Spanish Balearic poet

Bartomeu Rosselló-Pòrcel (/ca/; 3 August 1913 in Palma, Majorca - 5 January 1938 in El Brull, Barcelona) was a Spanish Balearic poet, who wrote in Catalan. He was born to a modest family and completed his secondary school education as a student of Gabriel Alomar i Villalong in l'Institut de Palma.

He completed his bachelor's degree in arts and philosophy in Barcelona where he met his lifelong friend and renowned Catalan poet, Salvador Espriu. Rosselló-Pòrcel dedicated 'Imitació del Foc' to Espriu.
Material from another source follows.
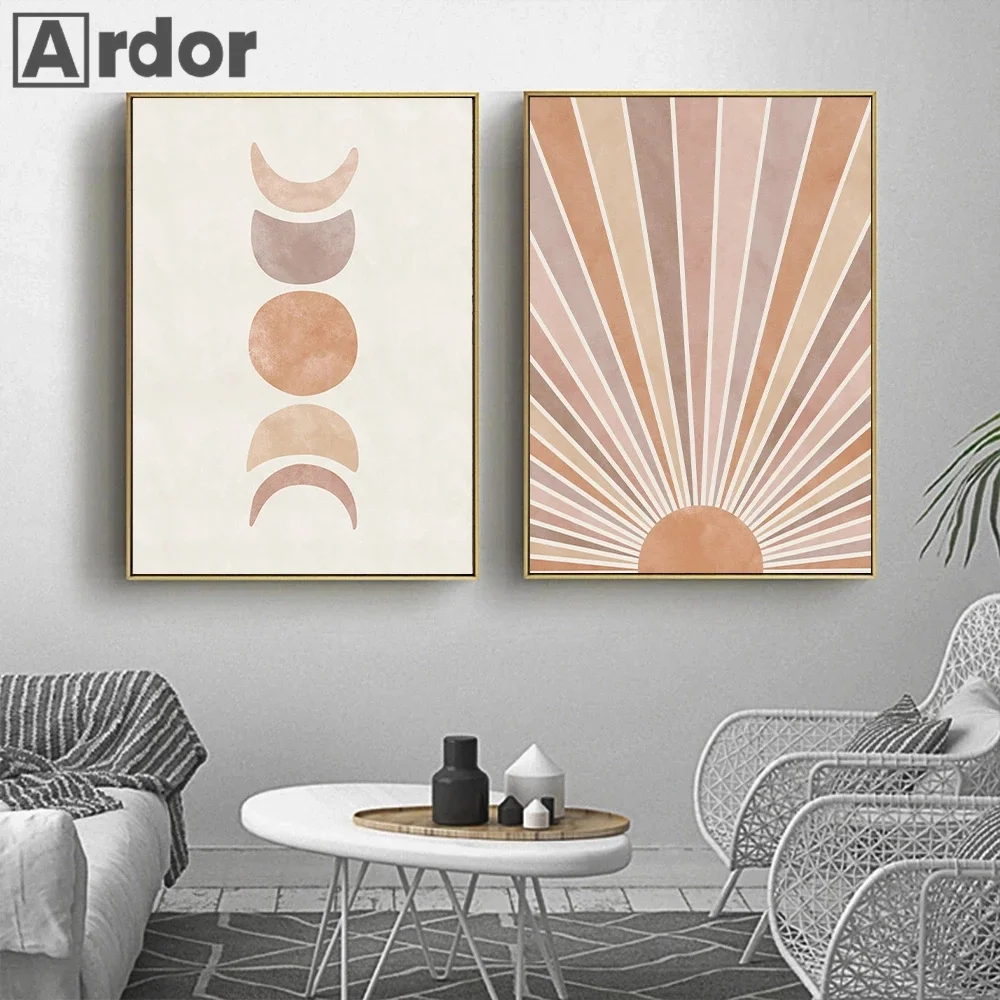 Настенный постер с абстрактным изображением Солнца и Луны пейзаж Пейзаж в стиле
He completed his PhD degree in Madrid.
In 1933, he embarked on a university Mediterranean cruise with Espriu and two of his other colleagues, touring Egypt, Lebanon, Greece, Rhodes, and Palestine. When in Palestine, he and Espriu heard what may have been the last records of Qatalanit, a Jewish diasporic language also known as Judeo-Catalan. In the final days of his trip, he fell ill with tuberculosis. He died of tuberculosis at the age of 24.

== Works ==
- Nou poemes (Nine poems) 1933
- Quadern de sonets (Notebook of sonnets) 1934
- Imitació del foc (Imitation of fire), 1938

His works were greatly influenced by the Mallorcan literary movement of l'Escola Mallorquina, though he was also influenced by other tendencies such as surrealism and neopopularism, similar to that of Spanish writers Rafael Alberti or Federico García Lorca.